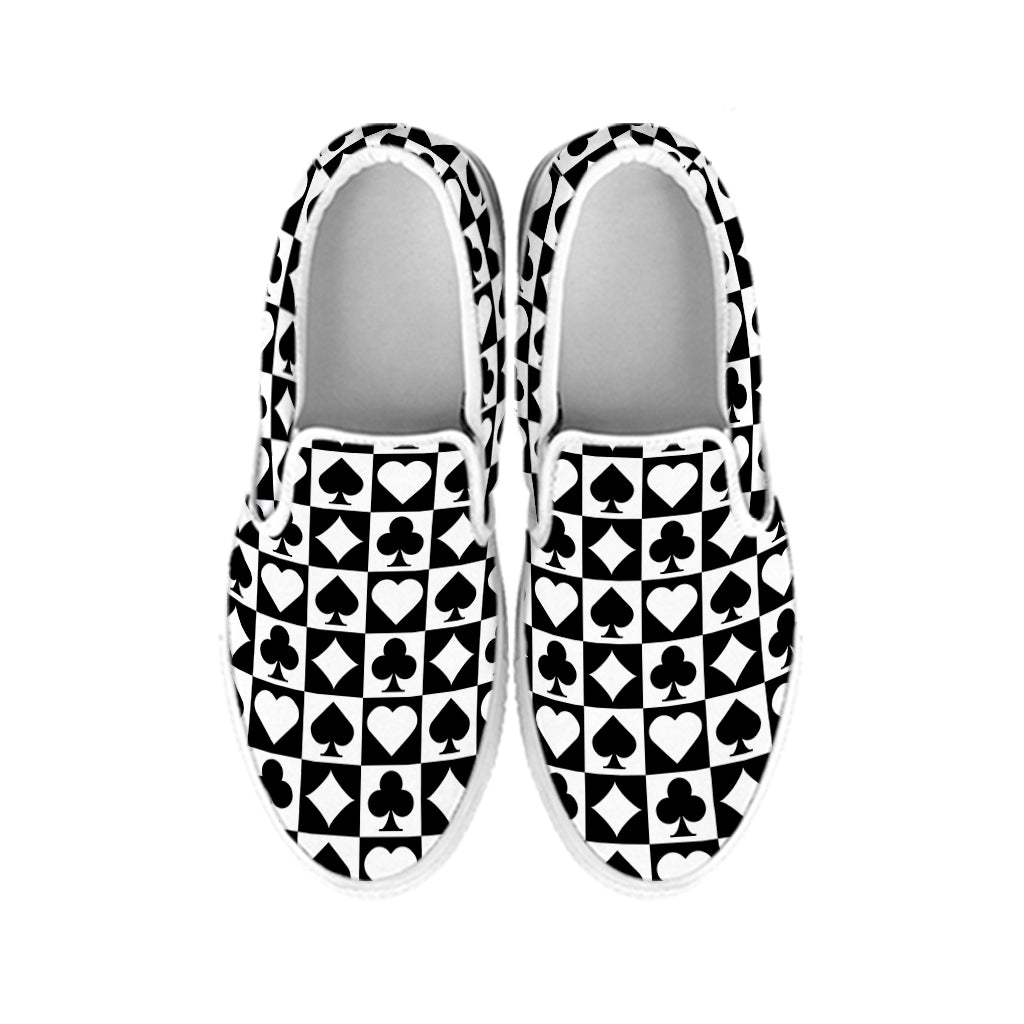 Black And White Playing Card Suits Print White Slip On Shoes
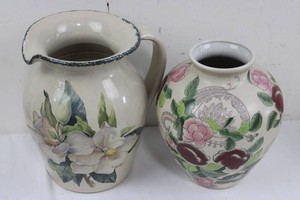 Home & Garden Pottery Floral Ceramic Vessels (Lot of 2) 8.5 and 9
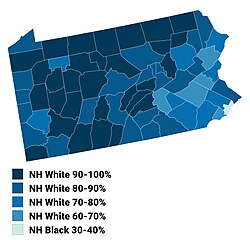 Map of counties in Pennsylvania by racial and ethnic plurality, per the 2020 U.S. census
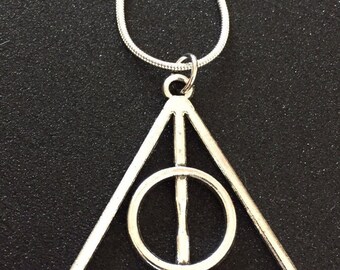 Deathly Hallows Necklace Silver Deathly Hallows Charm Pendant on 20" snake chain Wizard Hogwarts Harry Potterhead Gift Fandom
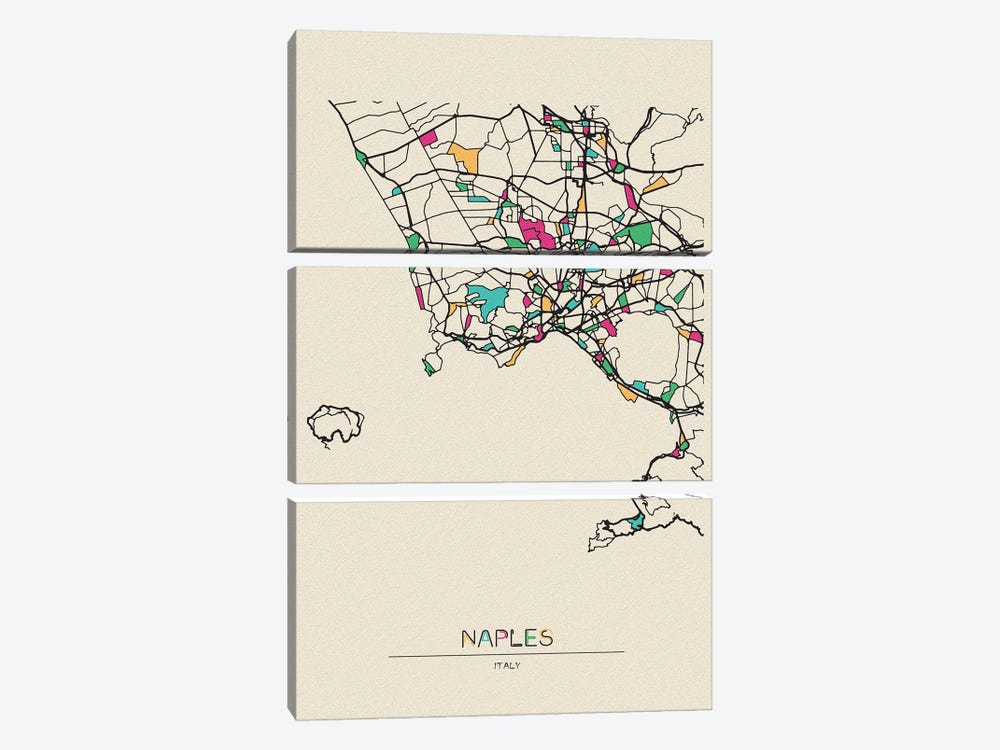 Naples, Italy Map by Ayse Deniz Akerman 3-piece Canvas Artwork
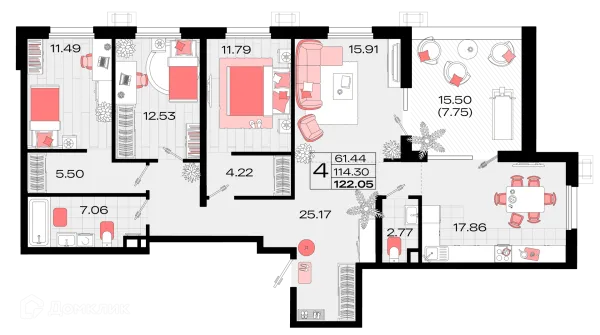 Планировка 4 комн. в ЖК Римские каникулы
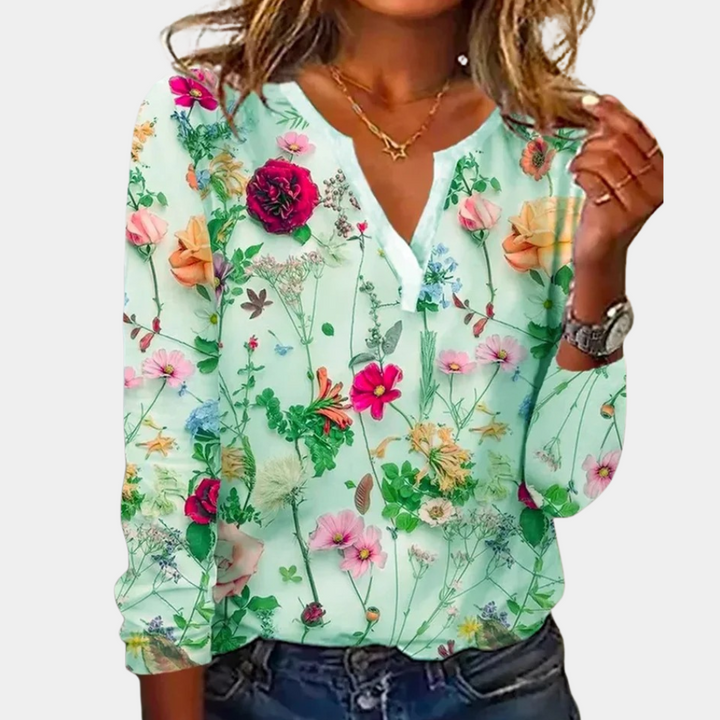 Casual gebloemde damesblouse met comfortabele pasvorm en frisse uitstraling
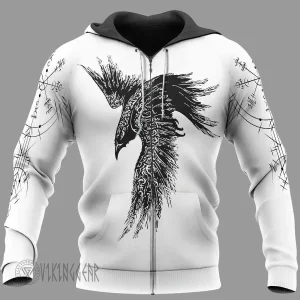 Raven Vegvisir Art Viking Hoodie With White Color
++++++++++
▶ **DESCRIPTION OF THE TASK**
All pictures are to be skipped; the lines from the first line of the records through the line containing "Планировка 4 комн. в ЖК Римские каникулы" are to be repeated exactly, both ends included.

▶ **REPLY TO THE TASK**
 Black And White Playing Card Suits Print White Slip On Shoes
 Home & Garden Pottery Floral Ceramic Vessels (Lot of 2) 8.5 and 9
 Map of counties in Pennsylvania by racial and ethnic plurality, per the 2020 U.S. census
 Deathly Hallows Necklace Silver Deathly Hallows Charm Pendant on 20" snake chain Wizard Hogwarts Harry Potterhead Gift Fandom
 Naples, Italy Map by Ayse Deniz Akerman 3-piece Canvas Artwork
 Планировка 4 комн. в ЖК Римские каникулы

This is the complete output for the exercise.